▶ What the exercise asks
From the line that contains "Футажи! Футаж Букеты" down to the last line of the data below, restate every line word for word, skipping any images.

▶ Record extracts
◆ ◆ ◆ ◆ ◆ ◆ ◆
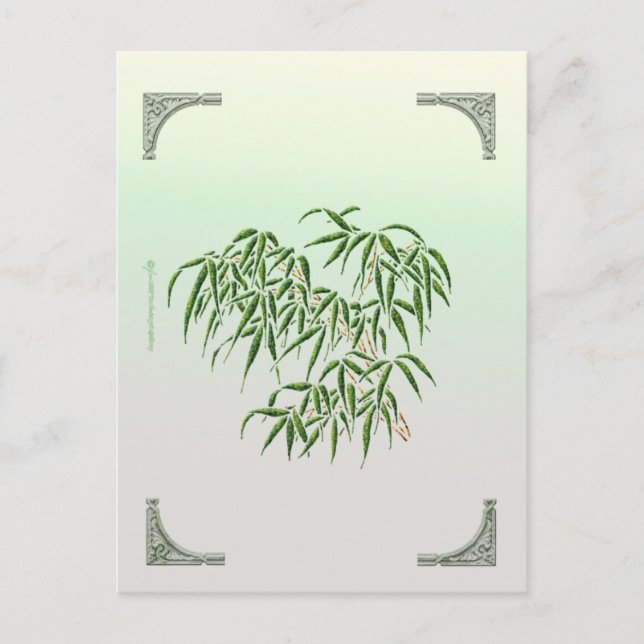 Bamboo-vykort Vykort (Framsida)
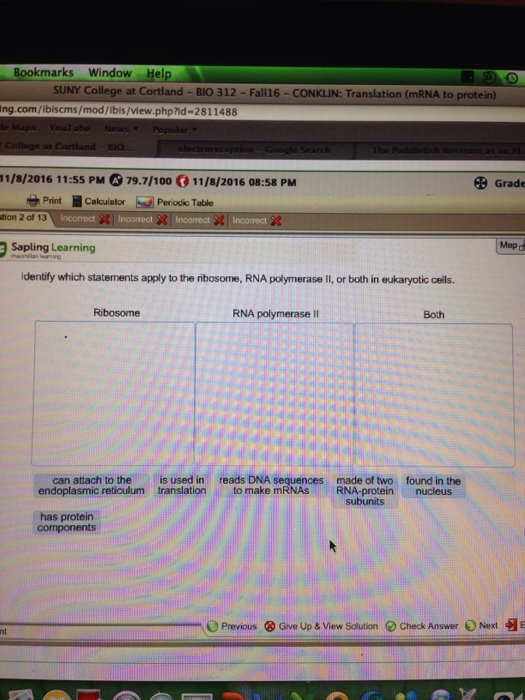 Solved Identify which statements apply to the ribosome, RNA | Chegg.com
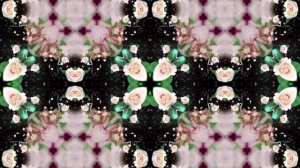 Футажи! Футаж Букеты роз К 5 от Киностудии Мудрого Кота Тимофея!!!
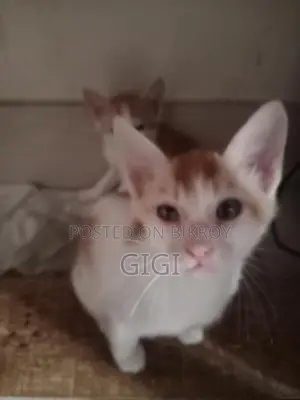 Kitten for Sale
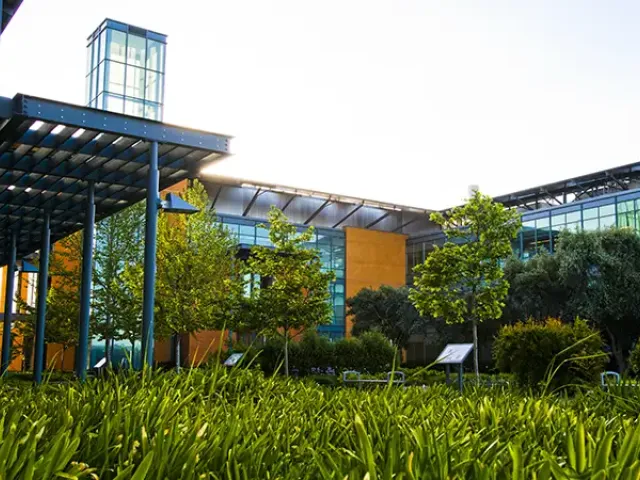 Sunlit glass office courtyard with trees and landscaped greenery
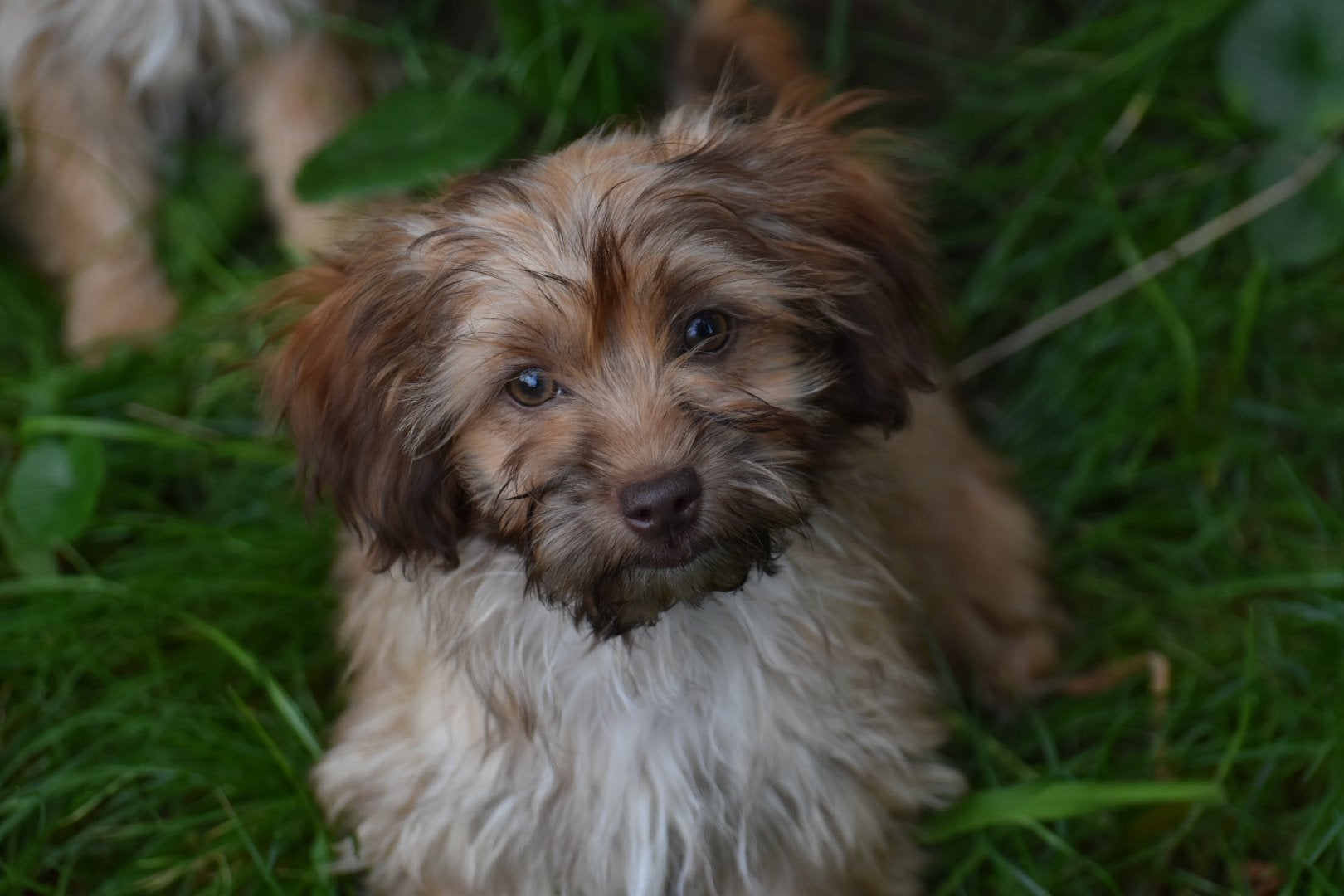 Prachtige jongen&meid kl.blijvend 75%shihtzu 25% dwergteckel, Nederland, Overige rassen, CDV (hondenziekte), 8 tot 15 weken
◆ ◆ ◆ ◆ ◆ ◆ ◆
▶ Answer to the exercise
 Футажи! Футаж Букеты роз К 5 от Киностудии Мудрого Кота Тимофея!!!
 Kitten for Sale
 Sunlit glass office courtyard with trees and landscaped greenery
 Prachtige jongen&meid kl.blijvend 75%shihtzu 25% dwergteckel, Nederland, Overige rassen, CDV (hondenziekte), 8 tot 15 weken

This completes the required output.